───── Source data ─────
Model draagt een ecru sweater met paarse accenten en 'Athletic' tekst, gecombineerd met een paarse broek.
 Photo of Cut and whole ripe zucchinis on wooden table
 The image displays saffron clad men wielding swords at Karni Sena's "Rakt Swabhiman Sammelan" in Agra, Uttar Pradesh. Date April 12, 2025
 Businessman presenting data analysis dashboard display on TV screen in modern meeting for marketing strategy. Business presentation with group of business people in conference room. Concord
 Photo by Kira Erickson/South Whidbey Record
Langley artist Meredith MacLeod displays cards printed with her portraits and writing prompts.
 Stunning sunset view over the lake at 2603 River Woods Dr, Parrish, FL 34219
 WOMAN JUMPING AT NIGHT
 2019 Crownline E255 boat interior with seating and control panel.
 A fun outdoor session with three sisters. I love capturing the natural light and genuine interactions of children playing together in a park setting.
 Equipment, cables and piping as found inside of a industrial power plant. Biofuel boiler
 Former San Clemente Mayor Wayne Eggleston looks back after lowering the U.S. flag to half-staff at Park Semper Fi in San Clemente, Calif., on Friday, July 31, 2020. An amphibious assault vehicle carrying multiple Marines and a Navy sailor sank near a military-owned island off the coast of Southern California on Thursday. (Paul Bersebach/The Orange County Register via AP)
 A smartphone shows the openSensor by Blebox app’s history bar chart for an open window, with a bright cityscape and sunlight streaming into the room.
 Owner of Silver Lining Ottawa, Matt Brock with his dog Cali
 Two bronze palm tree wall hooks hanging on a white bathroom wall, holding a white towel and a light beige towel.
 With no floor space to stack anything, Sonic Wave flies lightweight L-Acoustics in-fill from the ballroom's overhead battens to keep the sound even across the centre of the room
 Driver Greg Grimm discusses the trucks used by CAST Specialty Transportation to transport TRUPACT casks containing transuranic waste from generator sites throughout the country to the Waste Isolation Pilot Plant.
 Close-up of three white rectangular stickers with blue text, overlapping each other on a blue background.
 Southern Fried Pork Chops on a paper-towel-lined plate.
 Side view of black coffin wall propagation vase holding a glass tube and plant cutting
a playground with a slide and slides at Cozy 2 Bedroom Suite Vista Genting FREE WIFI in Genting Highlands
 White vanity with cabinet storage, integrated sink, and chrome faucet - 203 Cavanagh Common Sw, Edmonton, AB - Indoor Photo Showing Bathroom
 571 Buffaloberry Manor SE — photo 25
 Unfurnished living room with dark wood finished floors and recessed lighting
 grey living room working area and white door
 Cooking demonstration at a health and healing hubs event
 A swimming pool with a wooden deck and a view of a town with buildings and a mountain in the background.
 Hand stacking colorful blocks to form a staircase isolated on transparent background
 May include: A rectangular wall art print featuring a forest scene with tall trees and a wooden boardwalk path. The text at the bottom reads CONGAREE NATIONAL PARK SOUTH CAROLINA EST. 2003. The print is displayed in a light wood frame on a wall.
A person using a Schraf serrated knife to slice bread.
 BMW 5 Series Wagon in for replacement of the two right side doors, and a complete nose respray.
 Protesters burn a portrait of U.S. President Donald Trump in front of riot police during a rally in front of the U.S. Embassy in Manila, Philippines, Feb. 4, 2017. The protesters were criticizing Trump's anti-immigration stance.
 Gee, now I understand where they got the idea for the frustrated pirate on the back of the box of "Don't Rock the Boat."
─────
Print exactly the lines above from the one with "Photo by Kira Erickson/South Whidbey Record" to the one with "Equipment, cables and", including both.

> _Answer to the exercise_:
 Photo by Kira Erickson/South Whidbey Record
Langley artist Meredith MacLeod displays cards printed with her portraits and writing prompts.
 Stunning sunset view over the lake at 2603 River Woods Dr, Parrish, FL 34219
 WOMAN JUMPING AT NIGHT
 2019 Crownline E255 boat interior with seating and control panel.
 A fun outdoor session with three sisters. I love capturing the natural light and genuine interactions of children playing together in a park setting.
 Equipment, cables and piping as found inside of a industrial power plant. Biofuel boiler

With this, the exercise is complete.